White-tailed eagle guide: what they eat, why they went extinct in the UK, and where they've been reintroduced
Reintroduced to Scotland, Ireland and the Isle of Wight, are white-tailed eagles set to become a familiar sight across much of the UK and British Isles? Learn more about the UK's largest bird of prey in our expert guide.
Anyone under 30 may find it hard to believe that red kites – reintroduced to England in the 1990s and now so common over Reading and the M40 and M4 corridor that people barely give them a second glance – were once about to disappear from Britain.
Could white-tailed eagles, reintroduced to Scotland in the 1980s and recently returned to the Isle of Wight after a 240-year absence in England, soar to equally spectacular heights?
“Why not?” says Tim Mackrill, a quietly confident raptor specialist who works for the Roy Dennis Wildlife Foundation. “These birds belong here, cheek by jowl, right among us.”
Together with Forestry England, the foundation is leading an ambitious project to repopulate southern England with the huge eagles – Europe's largest, with a wingspan of up to 2.4m.

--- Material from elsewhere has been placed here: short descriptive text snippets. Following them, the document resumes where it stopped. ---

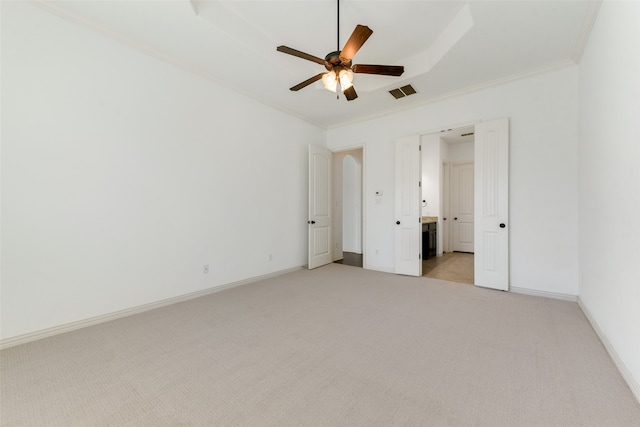 unfurnished bedroom featuring crown molding, ceiling fan, and light colored carpet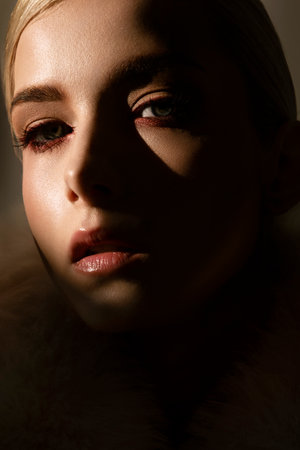 Closeup image of a woman in a luxurious fur coatの写真素材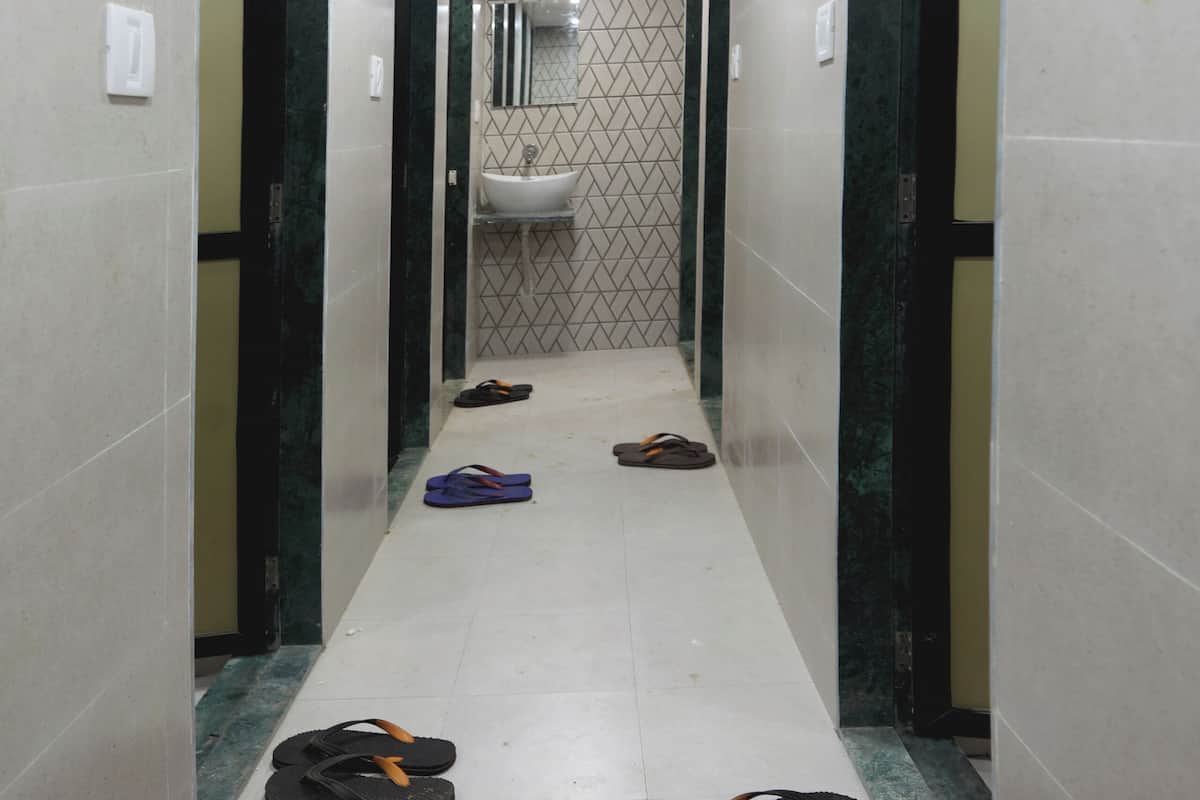A hallway with a tiled floor, a sink, and a mirror on the wall.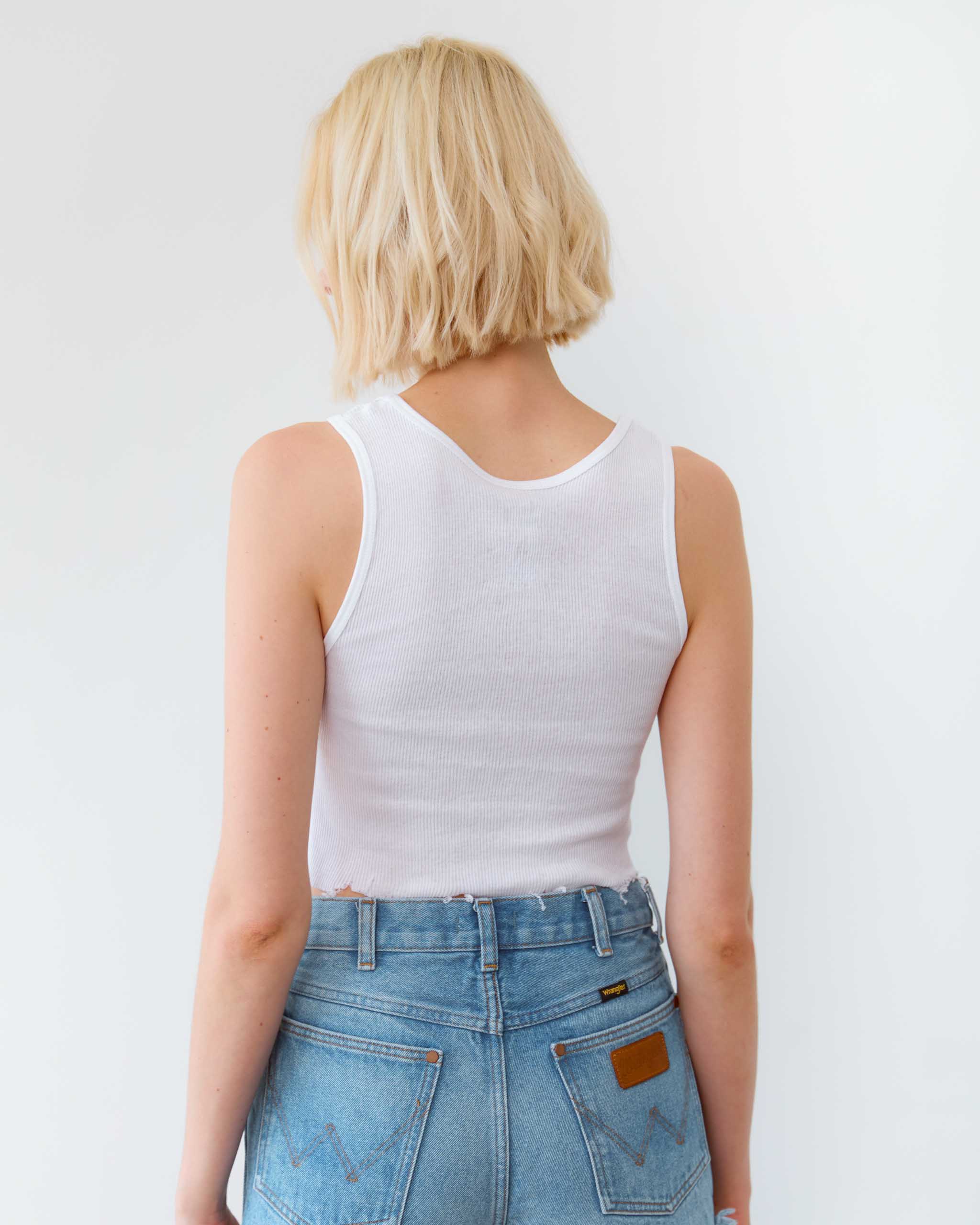 Person wearing a white tank top and blue jeans against a plain background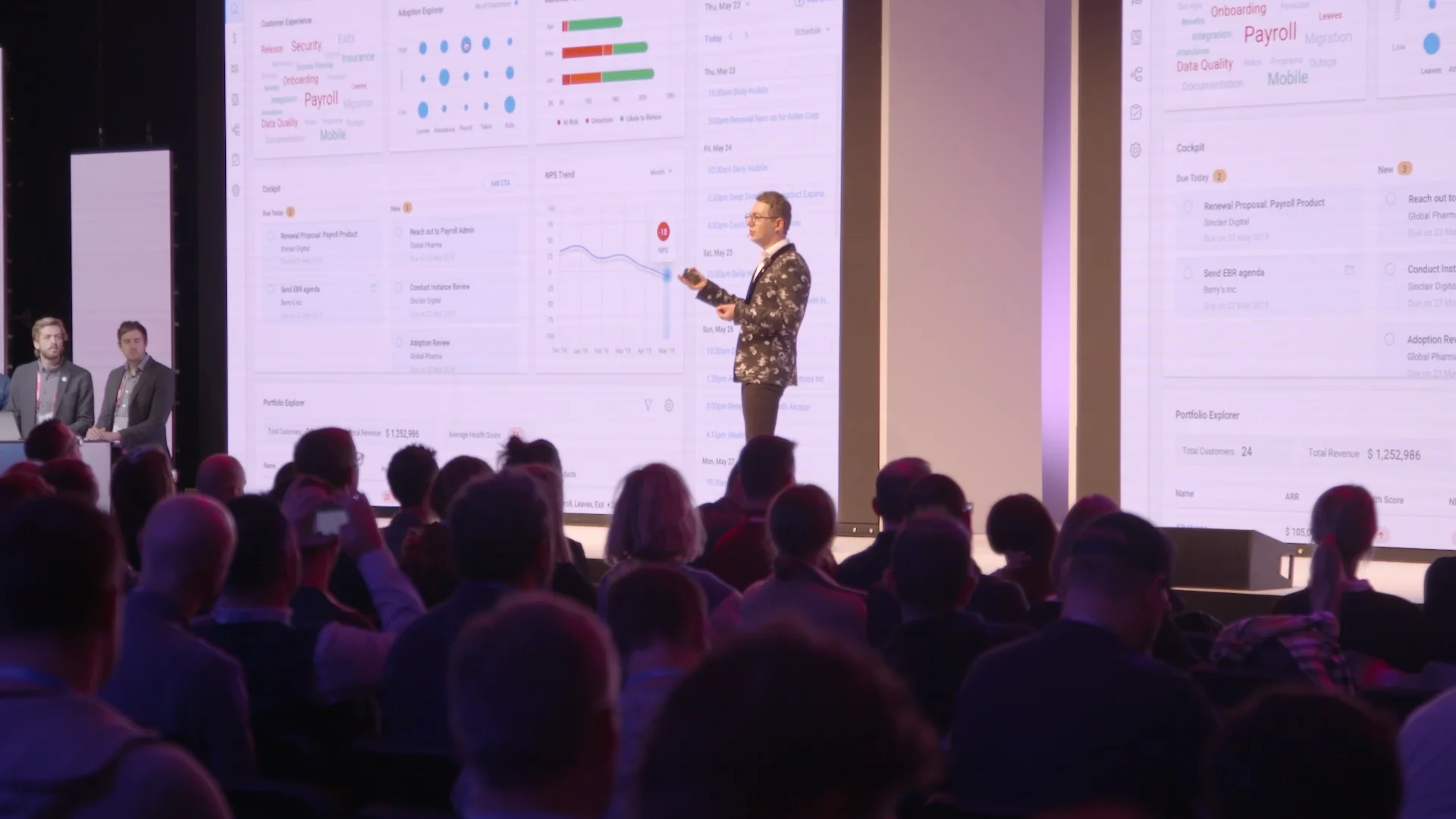 Speaker presenting data and product dashboards on a large screen during a plenary session.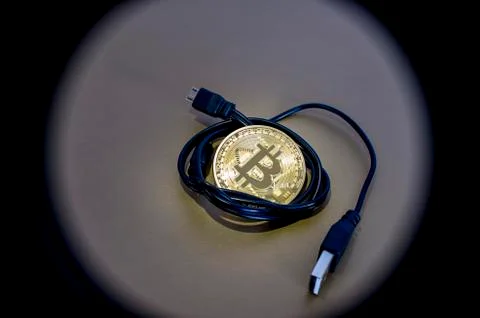 Digital kriptonite bitcoin with a USB cable on a bronze background. Stock Photos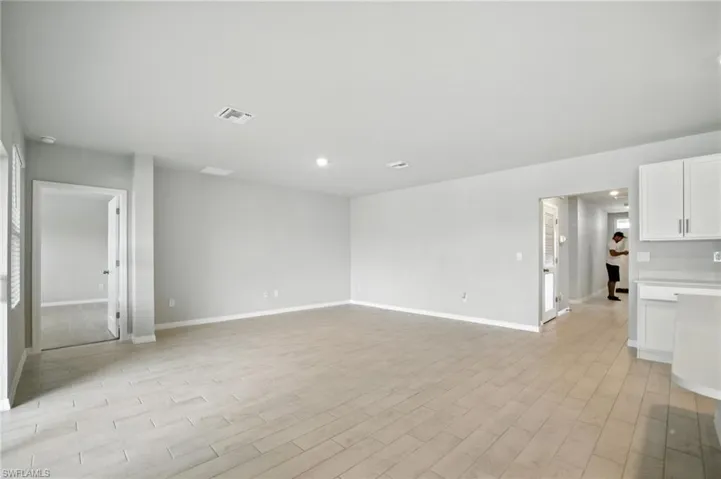 Spacious room featuring light-toned tile flooring, recessed lighting, and crisp white baseboards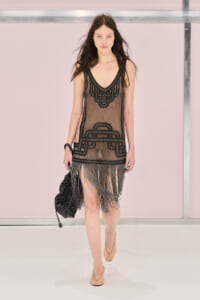 Runway model wearing a sheer black beaded dress with geometric trim and long fringe at the hem.
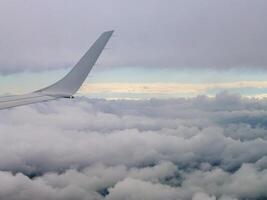 aeroplane wings above the clouds photo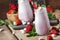 Strawberry smoothies and cocktails with fresh berry and green mint, decorated marshmallows, summer drink, wood old background,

Also known as sea eagles, their nickname with birders is ‘flying barn doors.’
What is the scientific name of the white-tailed eagle?
The scientific name of the white-tailed eagle is Haliaeetus albicilla.
The Haliaeetus genus consists of ten extant (living) species of eagle, including the bald eagle (Haliaeetus leucocephalus) and the Stellar's sea eagle (Haliaeetus pelagicus).
How big are white-tailed eagles?
The white-tailed eagle is the UK's and Europe's largest bird of prey, with a length between 70-90cm, and a wingspan between 200-240cm.
Adult males can weight between 3.5-5kg, and females between 4-7kg.
How many white-tailed eagles are there in the UK?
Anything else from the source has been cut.